Ignite Creation Date:
2025-12-18 @ 9:46 AM
Ignite Modification Date:
2025-12-23 @ 6:12 PM
Study NCT ID:
NCT06982313
Status:
None
Last Update Posted:
2025-05-25 00:00:00
First Post:
2025-05-13 00:00:00
Is Possible Gene Therapy:
False
Has Adverse Events:
False
Brief Title:
Long-term Follow-up of the TAM-01 Study
Sponsor:
None
Organization:
Study Overview
Official Title:
Long-term Follow-up of the TAM-01 Study, a Phase III Trial of Low Dose Tamoxifen in Breast DCIS and Premalignant Disease
Status:
None
Status Verified Date:
2025-05
Last Known Status:
None
Delayed Posting:
No
If Stopped, Why?:
Not Stopped
Has Expanded Access:
False
If Expanded Access, NCT#:
N/A
Has Expanded Access, NCT# Status:
N/A
Acronym:
TAM-01 L_FU
Brief Summary:
Low-dose tamoxifen (5 mg/day for three years) has emerged as a safer alternative to standard-dose tamoxifen (20 mg/day), effectively reducing the risk of breast cancer recurrence while minimizing adverse events. The TAM-01 phase III trial demonstrated that this regimen decreased subsequent breast cancer events by 42% compared to placebo after 10 years in women with ductal carcinoma in situ (DCIS) or high-risk lesions (atypical ductal hyperplasia, ADH, or lobular carcinoma in situ, LCIS), without exceeding serious adverse events and patient-reported outcomes, thus supporting its wide uptake in the medical community and NCCN guideline inclusion.

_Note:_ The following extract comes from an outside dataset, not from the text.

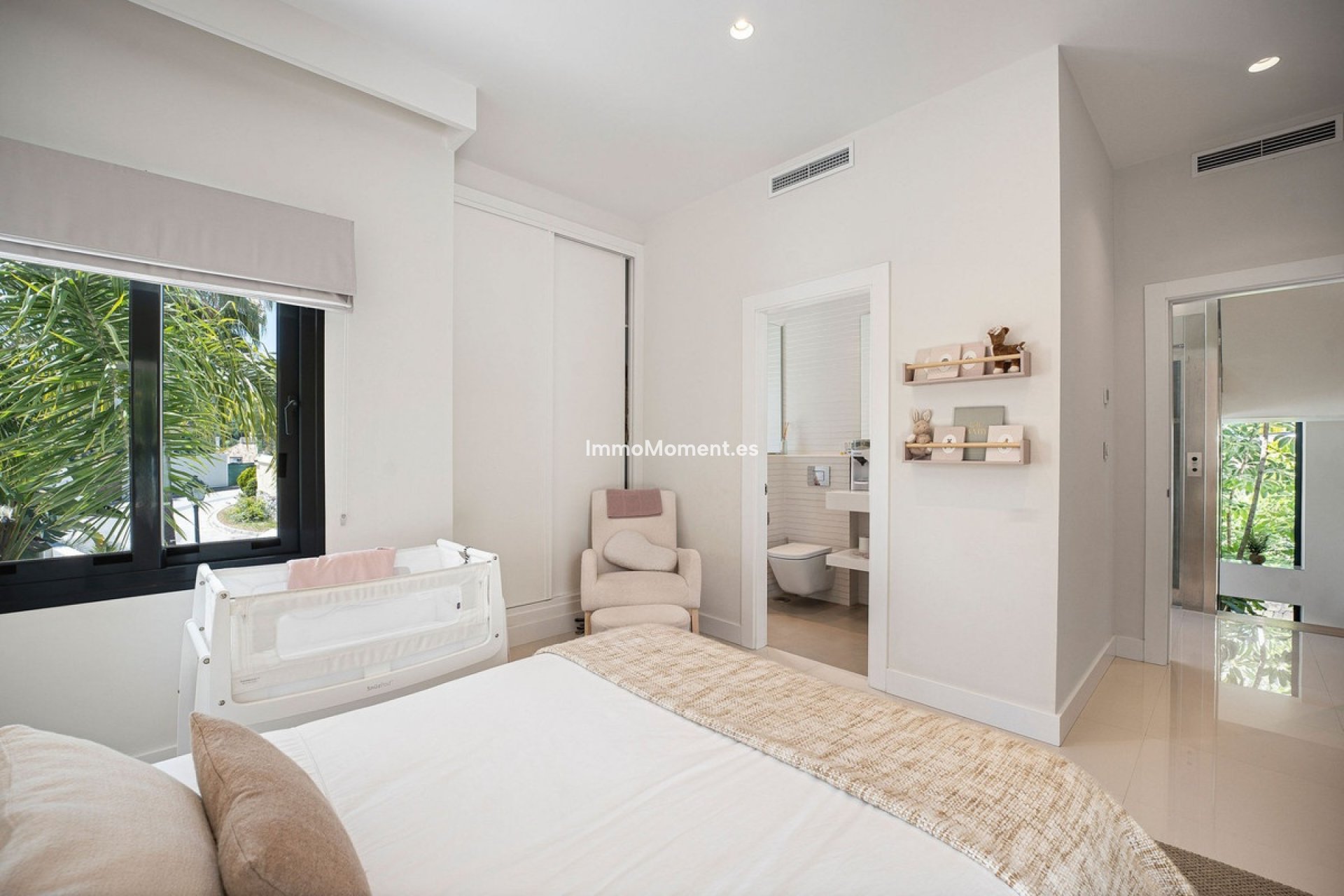 Resale - Villa - Benahavís - La Quinta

The IBIS-I trial reinforced the role of tamoxifen in breast cancer prevention, demonstrating a lasting reduction in breast cancer incidence, particularly in estrogen receptor-positive tumors, with benefits extending beyond the treatment period. Furthermore, real-world evidence indicates strong patient preference for low-dose tamoxifen due to its reduced side effects, increasing adherence in clinical practice. Additionally, studies have shown that low-dose tamoxifen can lower mammographic density, potentially improving screening sensitivity and facilitating earlier cancer detection.
The TAM-01 (EudraCT number: 2007-007740-10) trial was a multicenter, phase III trial comparing 5 mg/day tamoxifen to placebo over 3 years in 500 women aged 75 years or younger with an ECOG performance status of 1 or lower, and hormone-sensitive (ER or progesterone receptor ≥ 1%) or unknown DCIS (69%) or breast intraepithelial neoplasia (ADH, 20% or LCIS, 11%). Women with high-grade or comedo/necrotic DCIS were treated with adjuvant radiotherapy at 50 Gy in 25 fractions. Participants were followed up every 6 months, undergoing annual mammography and transvaginal ultrasound for 3 years of treatment and then being seen annually for 7 years of follow-up. All breast-related events during the trial were centrally adjudicated by an expert committee. The primary endpoint was the incidence of invasive breast cancer and DCIS.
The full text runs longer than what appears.